AWS Global Infrastructure

AWS Global Infrastructure – An easy introduction

AWS Global Infrastructure is made up of Regions and Availability Zones. AWS Regions have physically distanced locations worldwide where AWS cluster data centers where you can launch AWS services. Each Region has multiple Availability Zones – a group of isolated data centers that use independent power grids, cooling systems, and networks. When you create an AWS account, you can use one of the 24 Regions available. You can also choose a different Region when you sign in to the AWS management console, run automation scripts, execute AWS CLI commands or deploy your cloud infrastructure defined in code (IaC) using tools like Terraform or AWS CDK.

A good understanding of AWS global cloud infrastructure is essential to achieving AWS Certified Solutions Architect Associate and AWS Certified Solutions Architect Professional certifications.

AWS Regions

AWS Region is designed to help cloud users isolate compute power, data, and networking in different geographic locations in AWS infrastructure. All regional AWS services are fully isolated within the AWS Region and not shared between other regions. When you create an S3 bucket, all your data in this S3 bucket is stored within the same AWS Region. If the data has to be transferred to another country or region, you can copy it manually or automatically, but AWS never does it without your request. Deployment of an application to several different AWS Regions is usually required when your business or cloud application has specific requirements for Disaster Recovery.

AWS Global Infrastructure_ Regions and Availability Zones - AWS Regions

You maintain complete control and ownership of your data in the region where your data is physically located. This makes it easy to meet regional compliance and data regulatory requirements.

If you need to transfer your data between Regions, AWS will charge you for such data transfer.

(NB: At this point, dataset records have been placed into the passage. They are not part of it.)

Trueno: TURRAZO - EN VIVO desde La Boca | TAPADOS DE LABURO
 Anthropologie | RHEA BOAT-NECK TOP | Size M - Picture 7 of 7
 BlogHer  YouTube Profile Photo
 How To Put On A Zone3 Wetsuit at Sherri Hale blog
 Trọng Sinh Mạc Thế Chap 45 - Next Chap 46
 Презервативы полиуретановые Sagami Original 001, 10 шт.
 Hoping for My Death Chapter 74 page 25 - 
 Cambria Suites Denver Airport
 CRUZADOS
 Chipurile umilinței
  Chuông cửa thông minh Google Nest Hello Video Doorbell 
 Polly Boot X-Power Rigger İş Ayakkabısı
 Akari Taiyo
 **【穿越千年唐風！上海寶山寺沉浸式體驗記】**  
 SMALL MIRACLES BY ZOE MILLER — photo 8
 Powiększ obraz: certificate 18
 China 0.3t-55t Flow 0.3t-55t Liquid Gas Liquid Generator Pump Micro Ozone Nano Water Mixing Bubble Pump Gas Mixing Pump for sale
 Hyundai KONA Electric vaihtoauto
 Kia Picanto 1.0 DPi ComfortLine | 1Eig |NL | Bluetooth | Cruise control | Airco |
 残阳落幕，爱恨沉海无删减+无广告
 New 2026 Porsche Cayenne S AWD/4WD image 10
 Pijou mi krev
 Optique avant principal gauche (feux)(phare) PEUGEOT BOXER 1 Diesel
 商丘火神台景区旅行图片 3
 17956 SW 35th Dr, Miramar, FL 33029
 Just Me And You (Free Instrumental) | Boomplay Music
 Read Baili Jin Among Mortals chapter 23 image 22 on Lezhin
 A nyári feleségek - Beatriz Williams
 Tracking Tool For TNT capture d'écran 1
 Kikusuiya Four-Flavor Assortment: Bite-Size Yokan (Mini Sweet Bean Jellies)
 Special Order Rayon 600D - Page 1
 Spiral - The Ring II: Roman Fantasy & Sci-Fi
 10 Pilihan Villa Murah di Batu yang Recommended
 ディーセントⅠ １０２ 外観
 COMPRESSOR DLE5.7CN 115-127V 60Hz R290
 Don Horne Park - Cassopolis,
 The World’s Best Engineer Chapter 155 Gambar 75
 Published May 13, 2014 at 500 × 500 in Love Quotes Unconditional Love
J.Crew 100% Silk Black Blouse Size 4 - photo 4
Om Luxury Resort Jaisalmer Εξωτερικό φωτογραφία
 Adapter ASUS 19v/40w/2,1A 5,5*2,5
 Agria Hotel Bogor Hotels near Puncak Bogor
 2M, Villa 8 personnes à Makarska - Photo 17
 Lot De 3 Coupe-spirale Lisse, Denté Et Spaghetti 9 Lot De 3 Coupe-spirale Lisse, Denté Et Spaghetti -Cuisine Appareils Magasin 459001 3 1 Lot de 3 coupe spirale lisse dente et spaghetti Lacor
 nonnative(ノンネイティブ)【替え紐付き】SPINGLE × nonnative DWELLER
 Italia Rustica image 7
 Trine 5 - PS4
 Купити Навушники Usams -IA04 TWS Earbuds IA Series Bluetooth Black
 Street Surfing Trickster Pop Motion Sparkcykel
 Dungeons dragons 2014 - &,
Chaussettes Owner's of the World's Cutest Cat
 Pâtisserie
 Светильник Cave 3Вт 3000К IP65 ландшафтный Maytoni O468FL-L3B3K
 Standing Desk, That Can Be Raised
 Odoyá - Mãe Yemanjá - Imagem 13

You can find a complete list of available AWS regions on the official AWS Regions and Availability Zones page.

How to list AWS Regions using AWS CLI?

To list AWS Regions using AWS CLI (command line interface), you need to execute the following command:

AWS_DEFAULT_OUTPUT=table aws ec2 describe-regions

where the –region argument contains the required AWS Region.

aws ec2 describe-regions
aws ec2 describe-regions

How many Regions are there in AWS?

Cloud services from AWS are distributed to 84 Availability Zones (AZs) across 26 Global Regions, with plans for 24 additional Availability Zones and 8 AWS Regions in Australia and Canada.

How to pick up the AWS Region?

Usually, you pick up the AWS Region closest to your applications or service users. Choosing your AWS region by the proximity to your customers will give your end-users the ability to access your application with minimum network delays (minimum latency) and possibly get the best experience of using your application.

Alternative factors might include:

  • Compliance with data governance and legal requirements – some regulatory requirements dictate that your business data can’t leave a specific country or geographical region without the explicit permission of your clients. In that case, you must choose the AWS region based on your compliance requirements.
  • Service availability within the Region – new AWS services might not be available in all AWS Regions by the launch time. In that case, you might need to pick up the closest AWS Region where the service is available.
  • AWS resources pricing – AWS makes its pricing very transparent, but the services’ costs might differ from Region to Region. Check out the official AWS pricing page for more information about the costs of each service in each AWS Region.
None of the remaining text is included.